(Zawiercie, Myszków) 18- letni Dawid Korczak z Myszkowa nigdy nie zapomni dnia, w którym został brutalnie napadnięty przez niezrównoważoną kobietę mieszkającą na osiedlu przy ulicy Wierzbowej w Zawierciu. Napastniczka nie tylko pocięła chłopakowi twarz, po wszystkim oblizała ostrze noża i własne palce z krwi. O tej bulwersującej sprawie pisaliśmy w czerwcu. Mimo agresywnego zachowania kobiety, nawet po napadzie Olga J. spokojnie spacerowała sobie z ostrym narzędziem obok placu zabaw, przedszkola, sklepów… Kontrola Komendy Wojewódzkiej Policji w Katowicach wykryła nieprawidłowości w postępowaniu policjantów z Zawiercia.
Niebezpieczna 20-latka tuż po napadzie na Dawida odwiedziła jeden z pobliskich kiosków RUCHU. Była po papierosy, w rękach trzymała nóż (ostrze około 35 cm).
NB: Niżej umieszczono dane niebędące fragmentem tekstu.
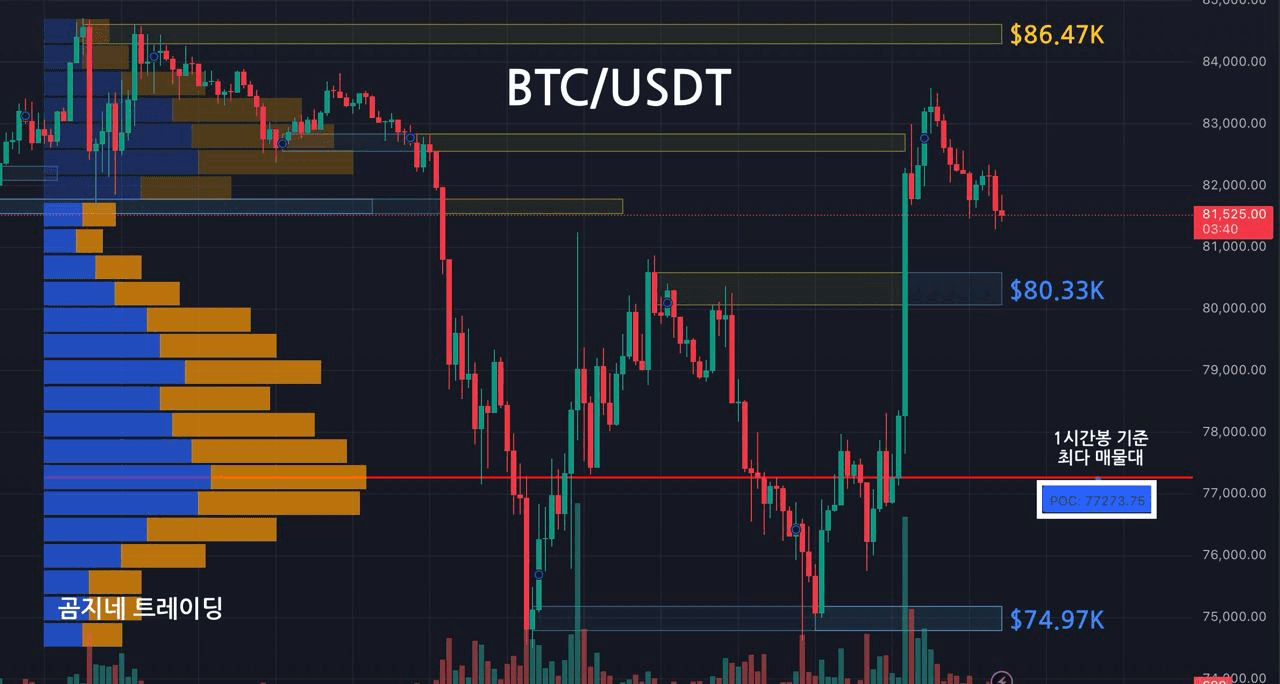 oddstrading2/39250/6321147878172640213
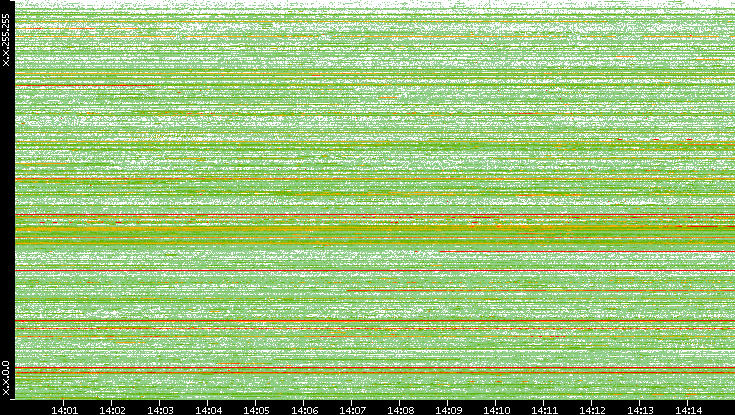 Src. IP vs. Time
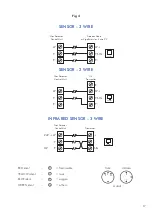 Preview for 17 page of GDS 2000 Operating Handbook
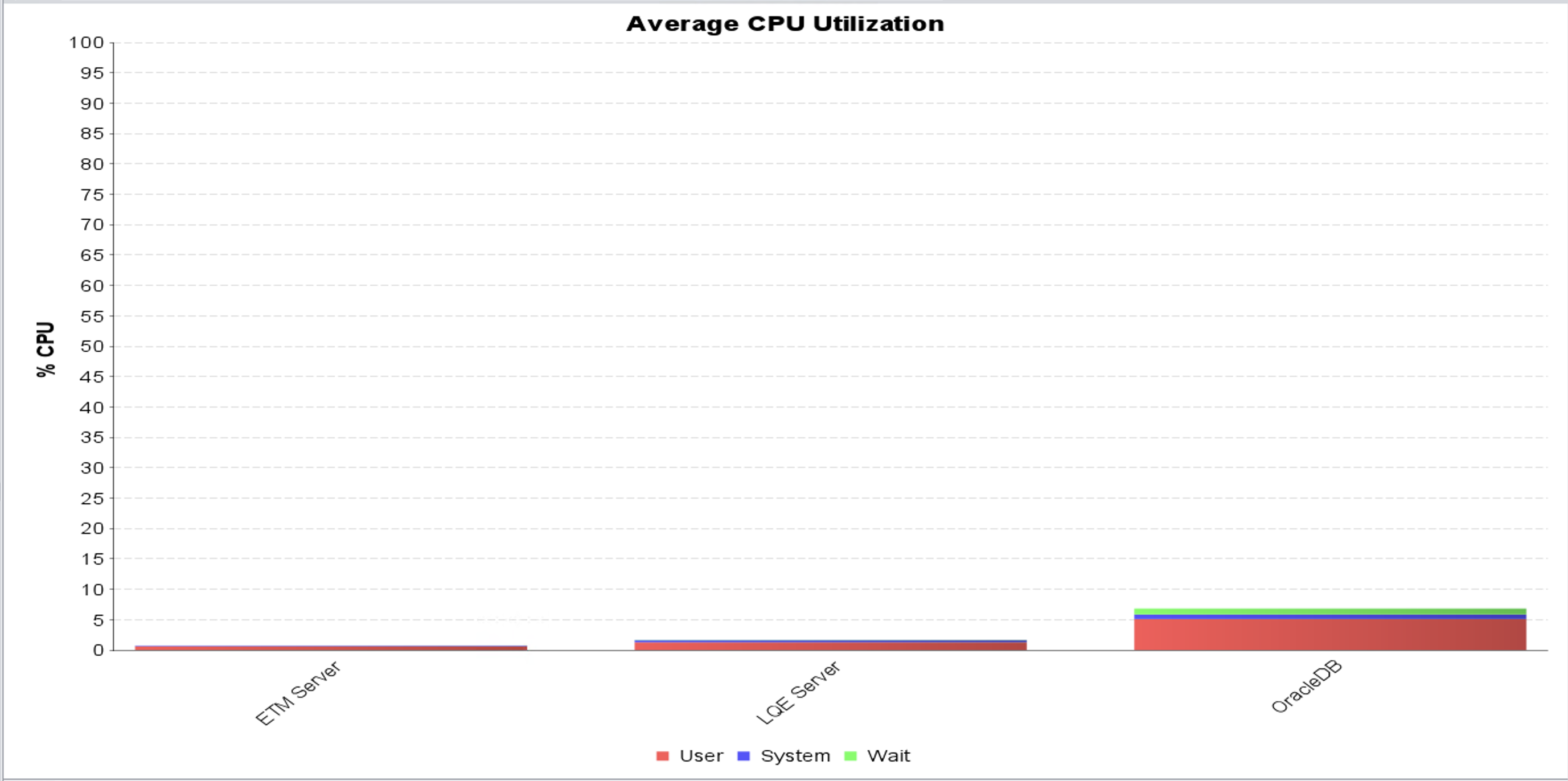 LQEResumable_ETMValidation_CPUUtilization.png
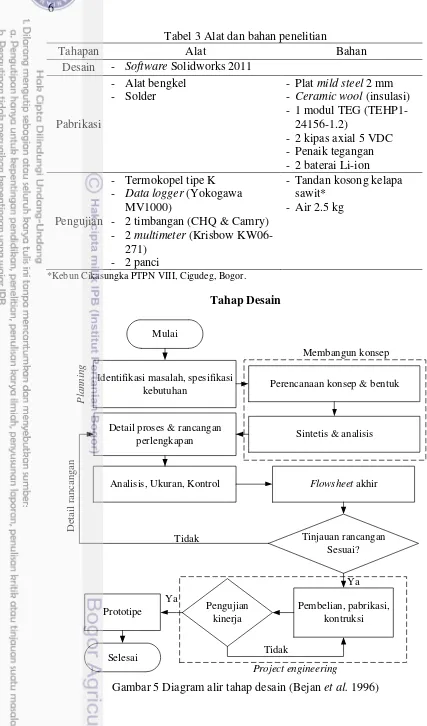 Tabel 3 Alat dan bahan penelitian 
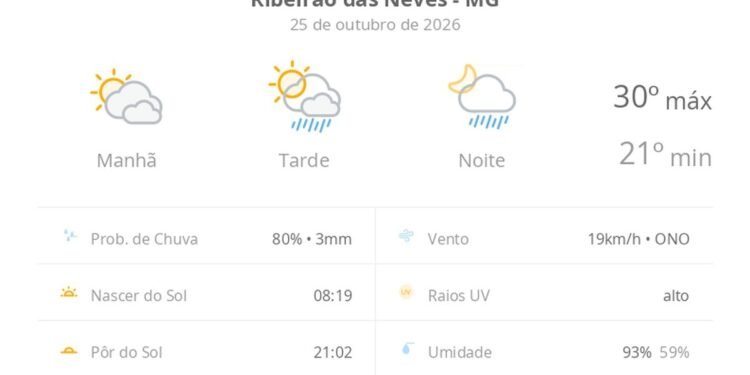 Previsão do tempo hoje para Ribeirão das Neves (MG): sol com muitas nuvens; pancadas de chuva à tarde e à noite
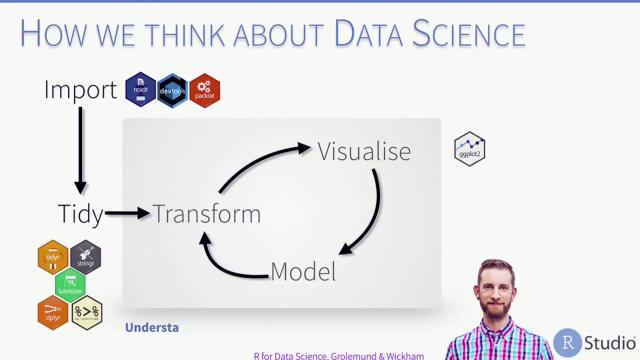 Tareef Kawaf | Posit useR! 2017 Presentation, Brussels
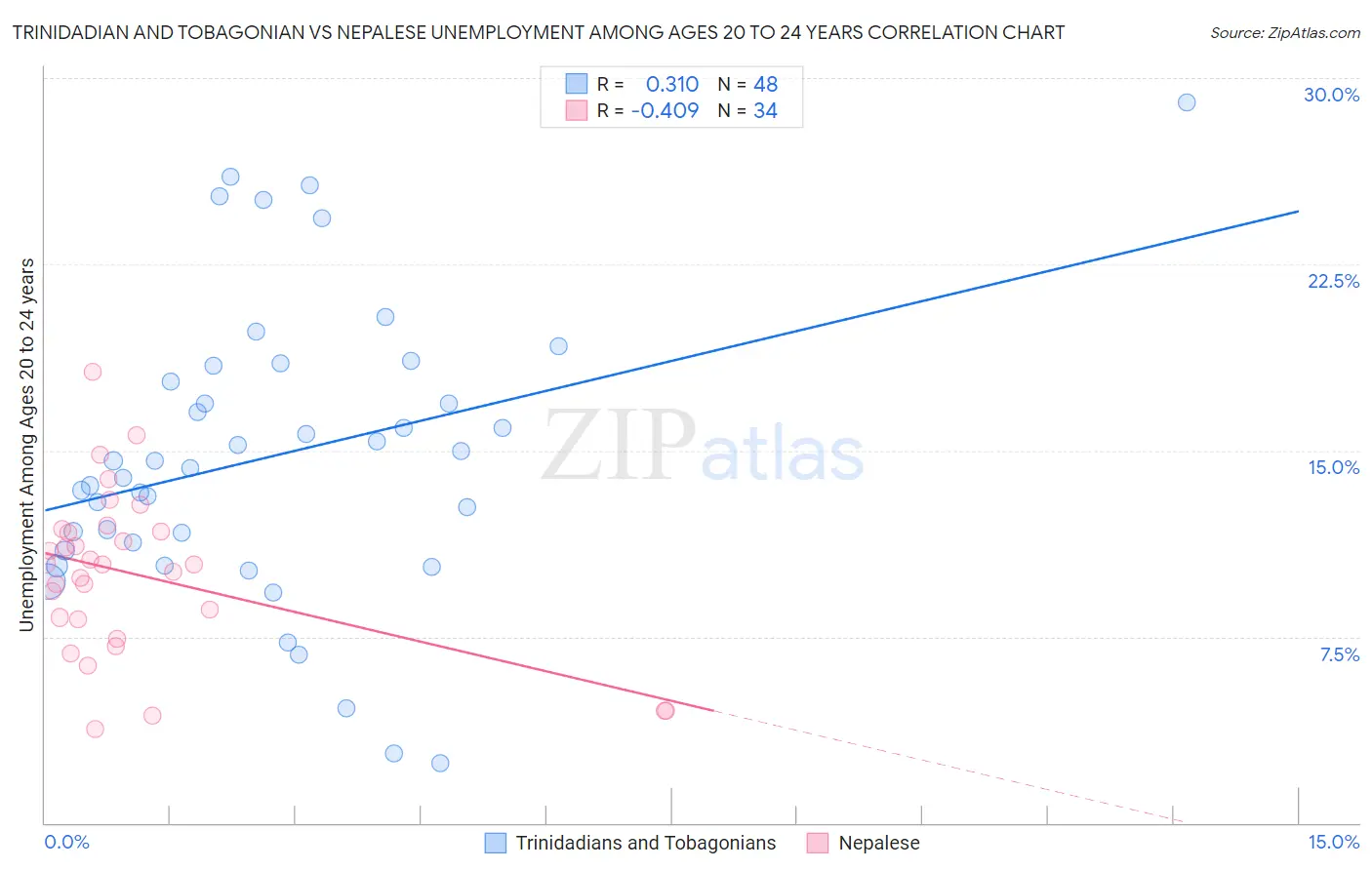 Trinidadian and Tobagonian vs Nepalese Unemployment Among Ages 20 to 24 years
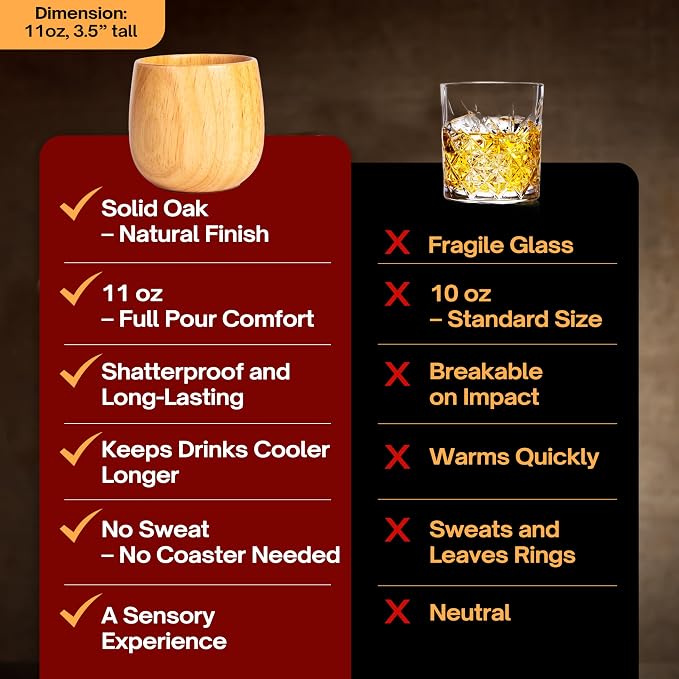 Oaksip The Original Wooden Bourbon Drinking Glass Bourbon Gifts for Men | Finished Wooden Old Fashioned Glass | Great Whiskey Gifts for Men, Dad, or Brother (2 Pack)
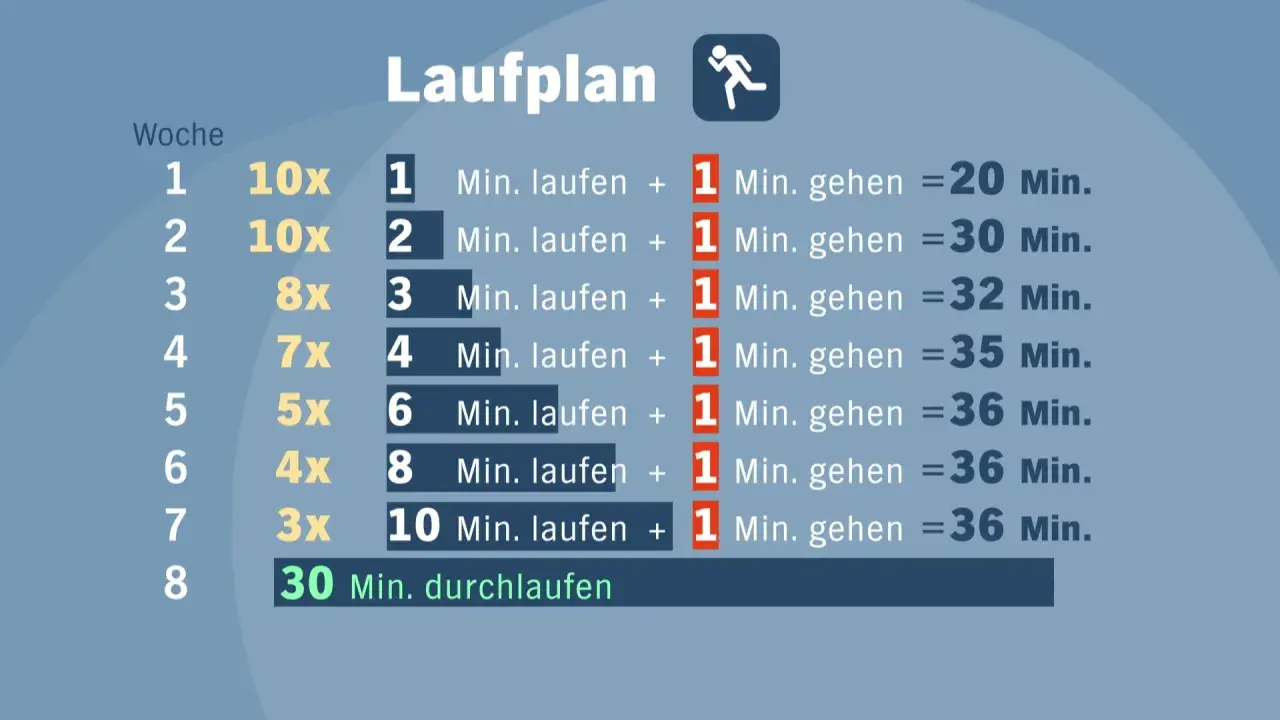 Laufplan zeigt, was bringt joggen: Steigerung von Laufintervallen über 8 Wochen, von 10x 1 Min. Laufen bis 30 Min. durchlaufen.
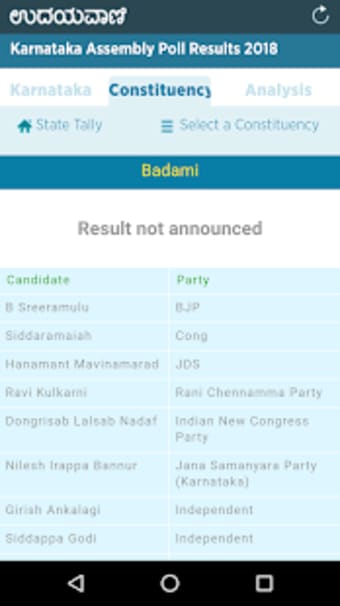 Udayavani Election Results2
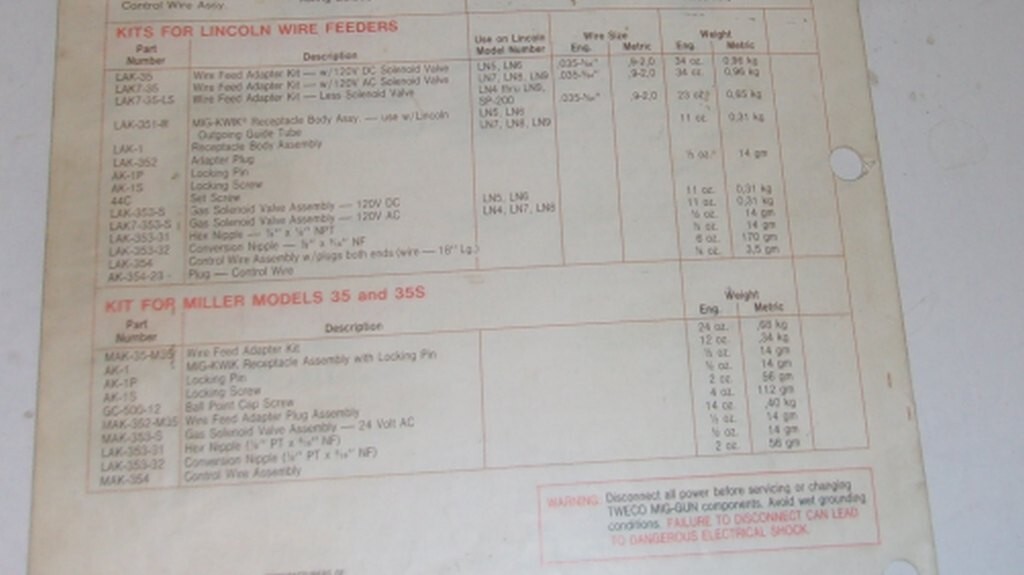 Tweco Mig Catalog No MR-82, Covering 180 amps, 200, 300, 400 amps, Stats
Tym razem nikt nie zaalarmował policji.
- Pamiętam, że tego dnia, gdy Dawid został ranny mieliśmy jechać na kurs dla nurków – wspomina Michał, kolega ofiary.
Osiedle żyło w strachu. Dawid Korczak, który na co dzień jest ratownikiem Wodnego Ochotniczego Pogotowia Ratunkowego twierdzi, że kobieta chciała mu poderżnąć gardło, tylko cudem jej się to nie udało. Na pomoc chłopakowi ruszył kolega.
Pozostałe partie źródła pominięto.